I have an application which uses Pardiso (pardiso_64) for large sparse matrix solves.
In running a series of tests for my application in parallel processes with different input, I have discovered that sometimes (but not always), when the matrix is singular (which in this application can happen and is OK), the application freezes. I have isolated the problem to the call to pardiso_64 by adding print statements before and after the call). If I rerun the failed test afterwards one by one (not in parallel with other tests), the execution of my application completes, and I can see the pardiso error code -4 (which I propagate to a text file through my application).
This issue is not isolated to a single input file, but happens randomly for some of the tests in every batch run. When I run each of the frozen tests one by one afterwards, they complete successfully I see the pardiso error code -4 in my application's output.
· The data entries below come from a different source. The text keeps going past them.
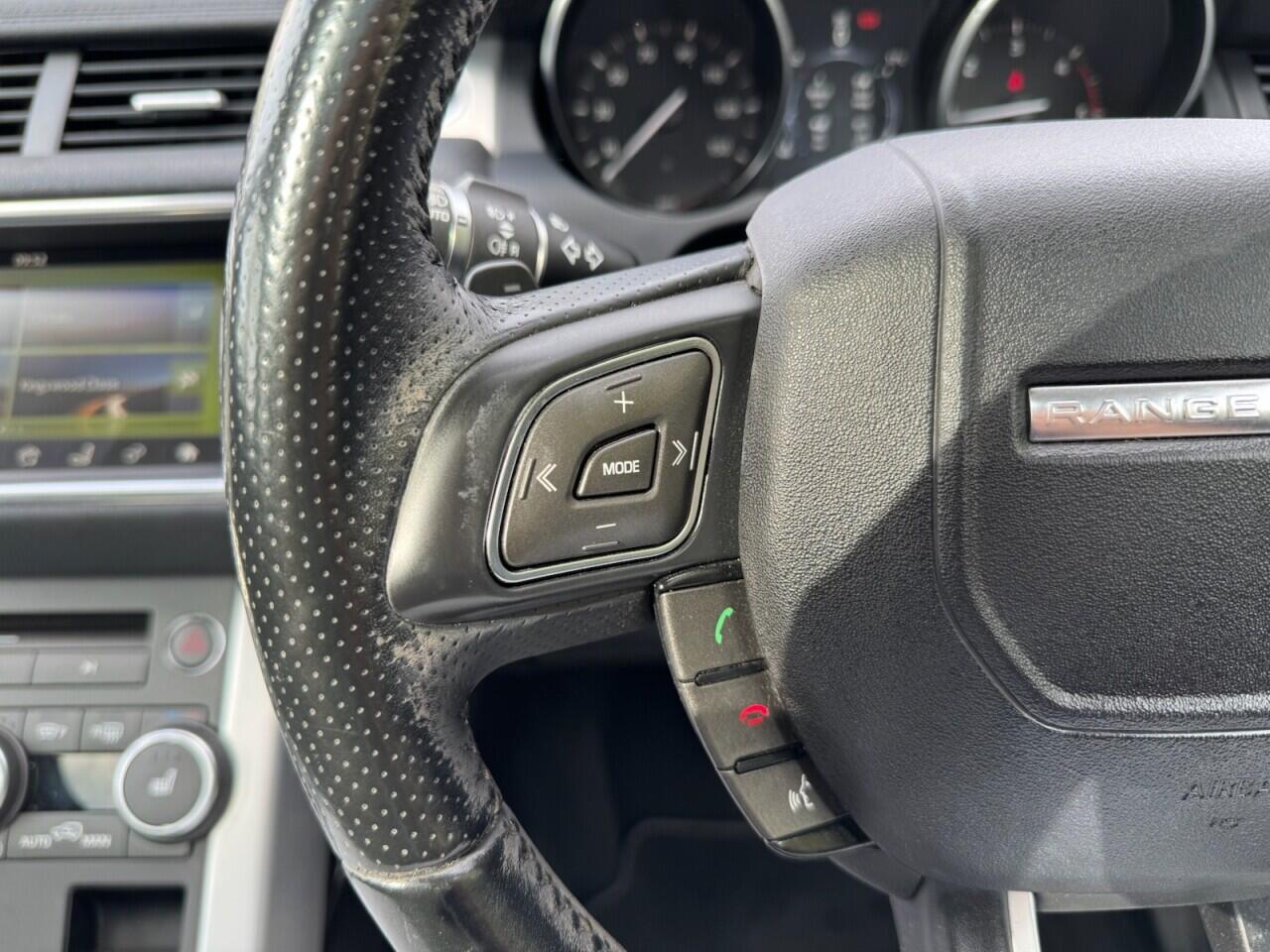 Land Rover Range Rover Evoque view 15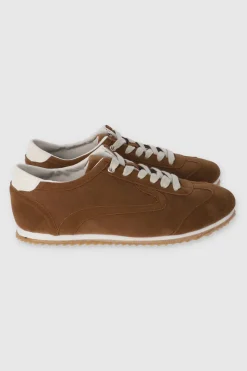 Tenis casual redondeado suede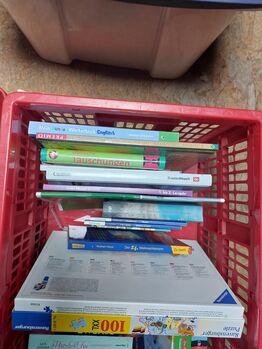 Bücher und Spiele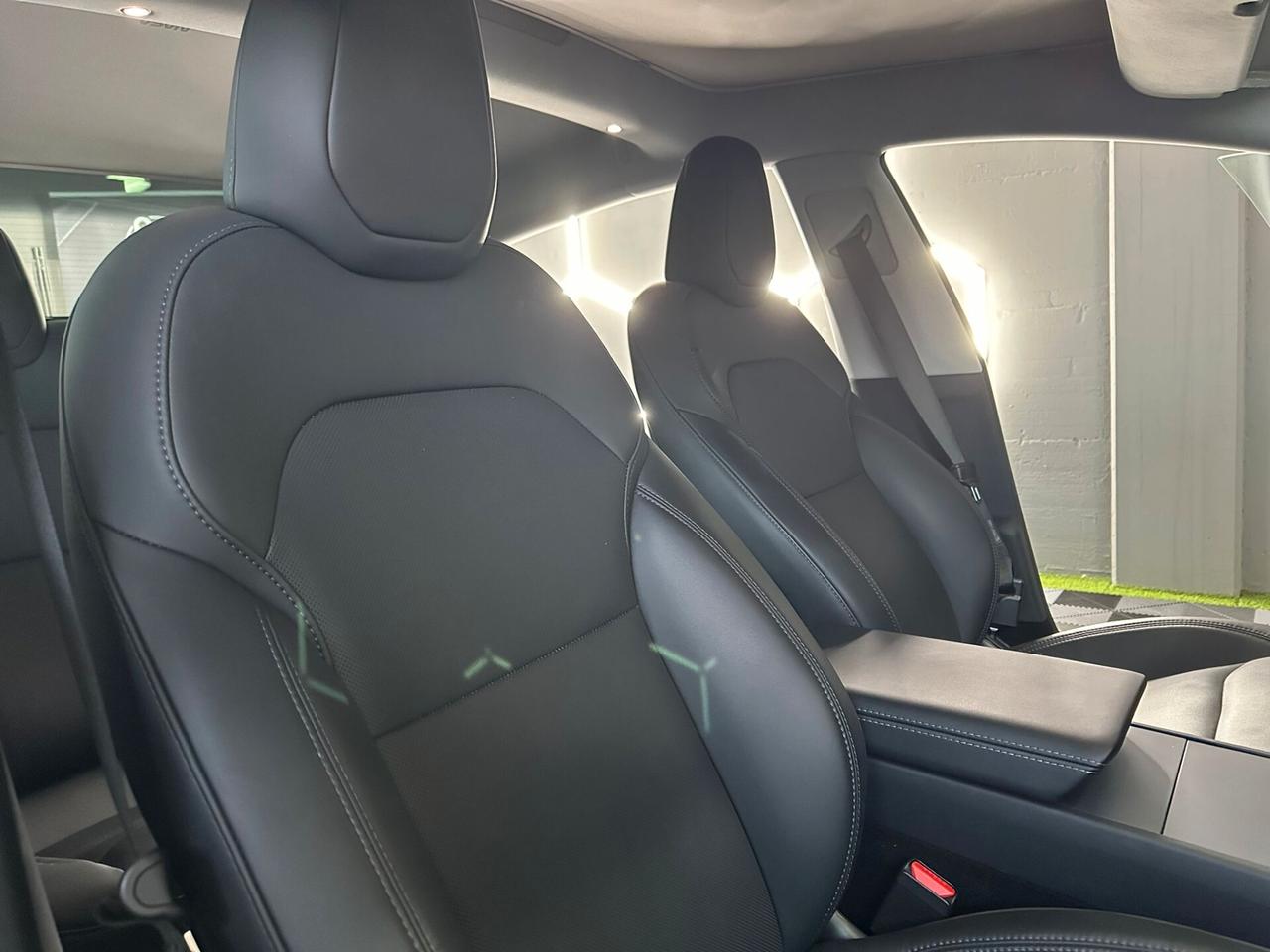 Tesla Model 3 NV35 RWD Premium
So it only happens when the matrix is singular, and when my application is run in multiple processes at the same time. And only occasionally.
I'm running on a 2-core CPU (Intel i7). Pardiso uses 4 threads (up to a full core, I think). I have mkl 11.3 update 3.
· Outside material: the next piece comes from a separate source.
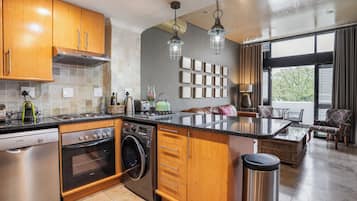 Luxury Apartment, 2 Bedrooms | Private kitchen | Fridge, microwave, oven, stovetop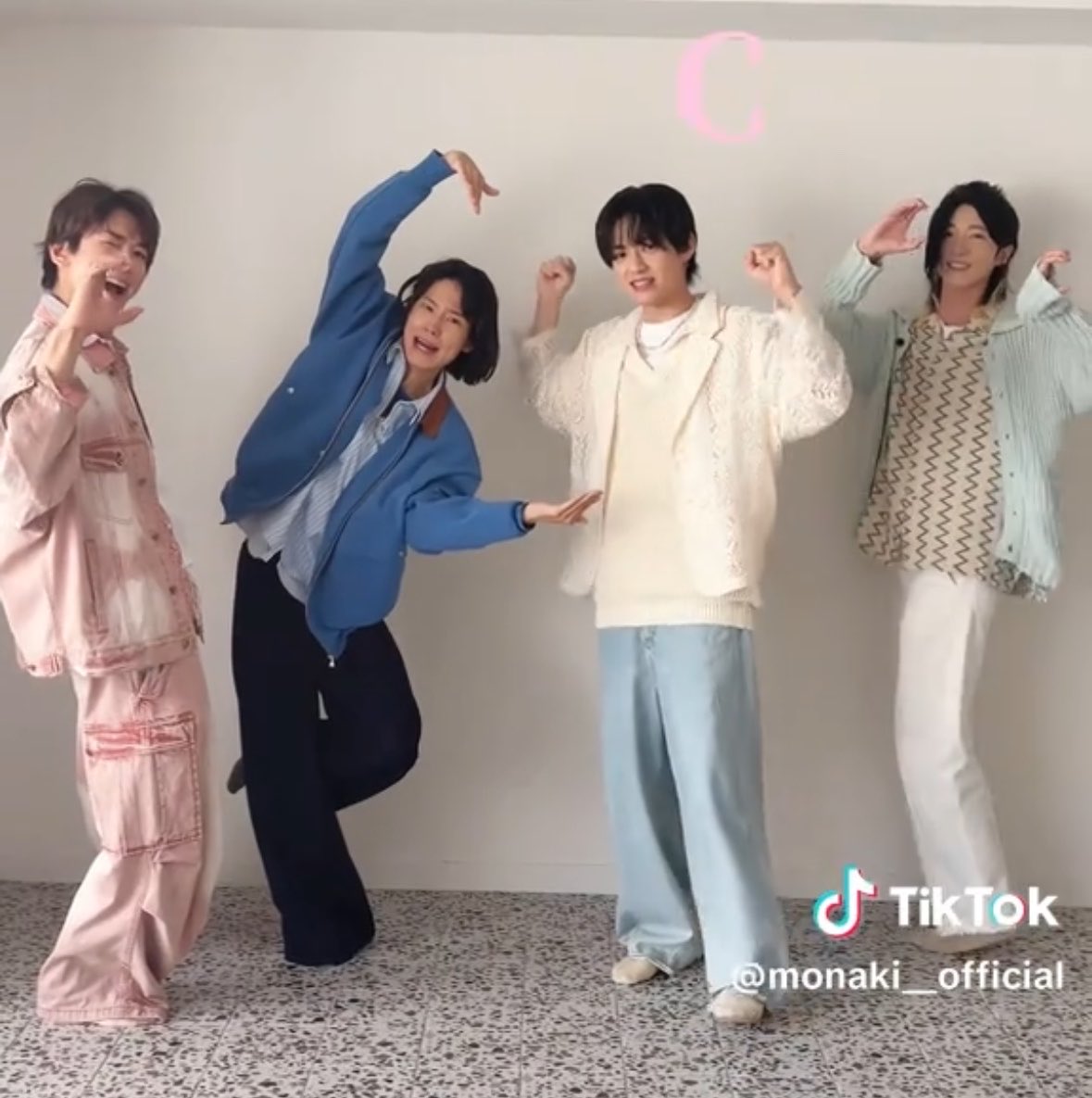 ijx0ub's tweet photo. ビジュ神すぎる🙏🏻✨　#モナキcancam https://t.co/HcLMbYf2rs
Also, note that if I use mkl_set_num_threads(1) prior to the call to pardiso_64, there are no issues.
Also also, I use the parallel metis nested disection option, iparm(2) = 3. If I set iparm(2) = 0, there are no issues.
Are there any known issues related to what I observe?
Jens, Could you please try the latest update 4 ( 11.3.4) where we fixed some regression problem with METIS reordering and keep us updated with the status. best, Gennady
Sure, I will do that. However, short term I am happy with using the minimum degree algorithm, so I might not get around to it until next week.
Also, note that both METIS implementations (iparm(2) = 3 and iparm(2) = 2) causes the same behavior. So it's not exclusive to the parallel implementation.